» **Directions for this task**
Write out again the lines from the line with "Rio Ronda é" up to and including the line with "Surfer babe 18", exactly as they stand below, and skip any picture.

» **Information**
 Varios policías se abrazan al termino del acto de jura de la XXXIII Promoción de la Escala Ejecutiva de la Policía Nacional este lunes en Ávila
--
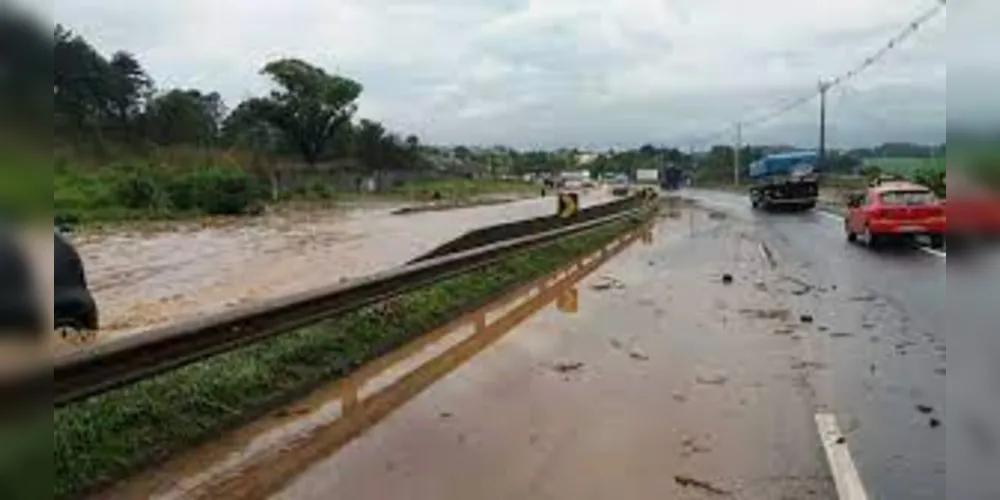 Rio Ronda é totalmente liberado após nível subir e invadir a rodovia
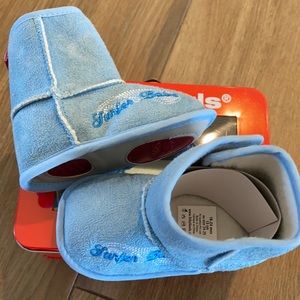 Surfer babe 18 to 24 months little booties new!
...
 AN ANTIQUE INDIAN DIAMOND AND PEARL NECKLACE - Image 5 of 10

» **Answer**
 Rio Ronda é totalmente liberado após nível subir e invadir a rodovia
 Surfer babe 18 to 24 months little booties new!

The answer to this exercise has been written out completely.